Então, jogava vôlei. Mas acabou que fui morar no Rio de Janeiro. E fiz dupla de vôlei de praia com um amigo, o Ibinha. O Ibinha tinha um nome pomposo, aristocrático: Eduardo João Henrique Haas Gonçalves Júnior. Mas era duro, ferrado, e combinava mais com Ibinha, mesmo. Era meu amigo, colega de escola e dupla na praia. Inseparáveis. Éramos da mesma turma na oitava série. E, um dia, se na praia não ganhávamos de ninguém, tivemos nosso nome inscrito na galeria dos heróis mundiais do esporte, apesar de ninguém saber disso.
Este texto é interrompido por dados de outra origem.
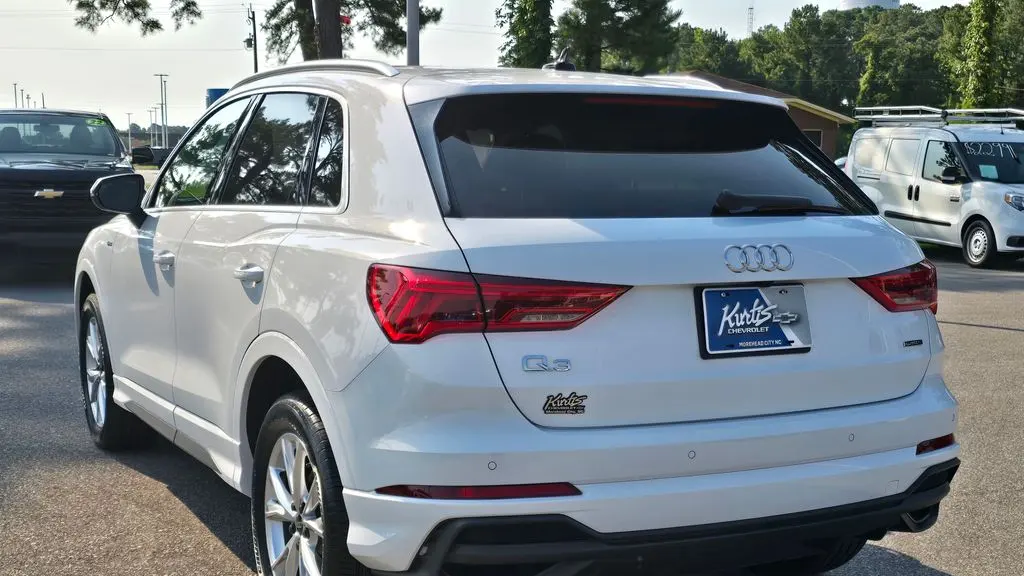 2023 Audi Q3 quattro S line Premium 45 TFSI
Nossa turma, a 802, chegou à final do torneio de vôlei da escola contra a 801. Eu de levantador, o Ibinha na entrada e o Zé Ricardo, que na época treinava no Fluminense, na saída de rede. Dos outros, confesso, não lembro. Mas o trio era quase imbatível. Só que, sabe-se lá porque, no dia da final nosso time não foi. Fomos só eu e Ibinha. Os dois e mais a torcida, o outro time, a diretoria da escola e meio mundo. Mas cadê o time? Íamos perder por WO. Mas, conversando com o professor de educação física e, no caso, juiz do jogo, ele permitiu que entrássemos em quadra, eu e Ibinha. Perder por WO era muito feio. Claro que todo mundo previa um massacre, mas entramos em quadra aplaudidíssimos pela iniciativa. Até que, dentro da quadra, eu e Ibinha começamos a dar um show. Ninguém acreditava. Eu e ele, sem reservas, sem mais ninguém, começamos perdendo o jogo, mas equilibramos ainda no primeiro set, que ganhamos de virada. A torcida, em êxtase, começou a gritar nosso nome. Pouco me importava, pelo menos a Carol gritava meu nome, e isso me bastava. A 801 mudou o time todo, entrou gente, saiu gente, e eu e Ibinha firmes, gigantes (eu nem tanto, mas entenda meu entusiasmo). A cada lance, um joelho esfolado, uma cabeça dolorida, mas ponto para a dupla da 802. Nós, claro. Que, acredite você ou não, ganhamos a partida. Eu e Ibinha derrotamos um time inteiro, com seis titulares e seis reservas. É verdade! Olha, to dizendo! Tenho centenas de testemunhas!
Tá bem, tá bem... Não precisa acreditar. Ninguém acredita mesmo. Mas vou procurar o Ibinha pela net e trago ele aqui pra você ver. Pode esperar.